Giacinto Gemignani, XVII Secolo

Scena tratta da Le Metamorfosi di Ovidio. Adone, nato dall'unione incestuosa tra Cinira, re di Cipro, e sua figlia Mirra, era un giovane bellissimo. Venere, graffiata involontariamente da una delle frecce di Cupido, se ne innamorò perdutamente.
Venere tenta invano di trattenerlo dal cacciare e lo mette in guardia rispetto alle bestie feroci, come cinghiali e leoni, ma non riesce a fermarlo. Un giorno,  cacciando, Adone viene ferito mortalmente da un cinghiale. Udendo i lamenti del moribondo, la dea accorre in suo aiuto quando però era ormai troppo tardi. Nel punto in cui cade il sangue di Adone spuntano degli anemoni. 

Nel dipinto il giovane vestito da cacciatore con veste rosa violacea e brache bianche e mantello rosa scuro; impugna una lunga asta e si allontana salutando Venere che sta seduta con la parte bassa del corpo coperta da un mantello azzurro. La scena è popolata di amorini: quelli in alto recano un drappo violaceo; La cornice a intagliata, dorata e dipinta in nero.

 

Approfondimenti

Larghezza: cm 141
Altezza: cm 116

Dipinto ad olio su tela

Opera databile dopo il 1640 con influenze del Romanelli - si confrontino i due quadri del Louvre "Venere ed Enea"e "Venere" - e dal Poussin; La dott.ssa Di Domenico ha notato che gli amorini al bagno ed il nudo femminile, derivano da una composizione dell'Orbetto.

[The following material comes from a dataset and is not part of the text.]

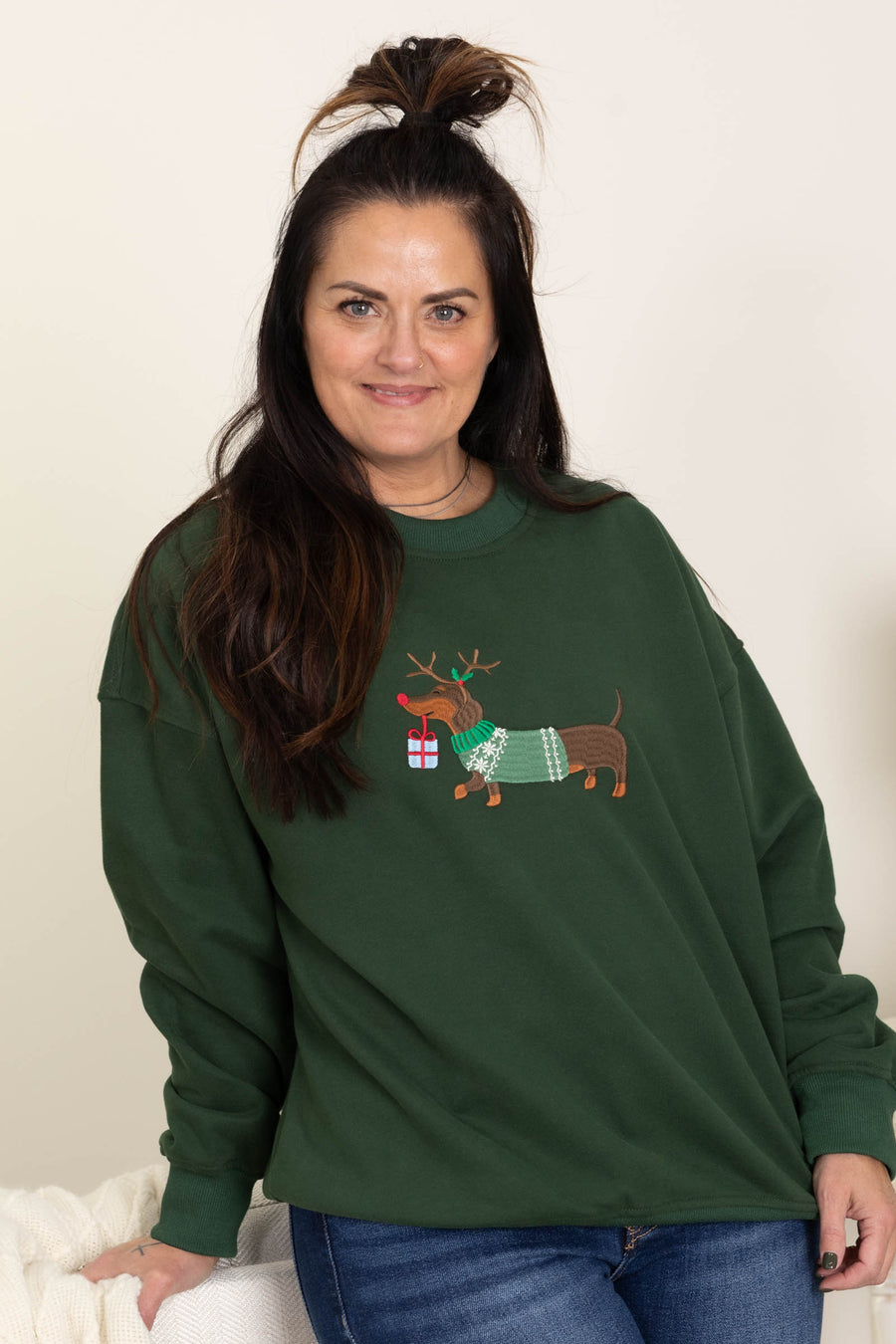 Hunter Green Winnie Christmas Graphic Sweater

Ovidio, Le Metamorfosi, libro X:

Mentre baciava sua madre, Cupido le scalfì senza volere
il petto con una freccia che sporgeva dalla faretra:
offesa, Venere scostò con la mano il figlio, ma la ferita,
ingannando persino lei, era profonda, anche se non pareva.
Sedotta dalla bellezza di Adone, delle spiagge di Citera
non le importa più nulla, ignora Pafo cinta dal mare profondo,
la pescosa Cnido e Amatunte piena di metalli;
diserta persino il cielo: al cielo preferisce quel giovane.
Gli sta accanto, l'accompagna ovunque; lei, avvezza a godersi
l'ombra per curare e accrescere la propria bellezza,
ora si aggira per gioghi e selve, tra rocce e cespugli spinosi,
con la veste succinta oltre il ginocchio così come Diana,
e aizza i cani, inseguendo animali di facile preda:
lepri che schizzano via, cervi dalle corna eccelse,
oppure camosci. Si guarda invece dai forti cinghiali,
evita i lupi predatori, gli orsi muniti di artigli
e i leoni che si sfamano facendo strage di armenti.
E invita anche te, Adone, a temerli, sperando che possa
giovarti l'ammonimento: "Sii prode con gli animali che fuggono!"
ti dice. "Il coraggio con quelli coraggiosi è pieno di pericoli.
Non essere temerario, ragazzo, con rischio anche mio;
non sfidare belve a cui natura ha dato armi d'offesa:
la tua gloria mi costerebbe cara! L'età tua,
la bellezza e ciò che ha incantato me, Venere, non incantano
i leoni, i cinghiali irsuti, gli occhi e il cuore delle belve.
I crudeli cinghiali hanno il fulmine nelle zanne adunche;
violenta e smisurata è l'ira dei fulvi leoni:
una razza che detesto." E a lui che le chiede perché mai, risponde:
"Te lo dirò: ti stupirà il prodigio che punì una vecchia colpa.
Ma questa insolita fatica mi ha stancata: guarda,
guarda quel pioppo: con la sua ombra ci invita a rilassarci
e l'erba ci offre un giaciglio. Qui voglio con te riposarmi".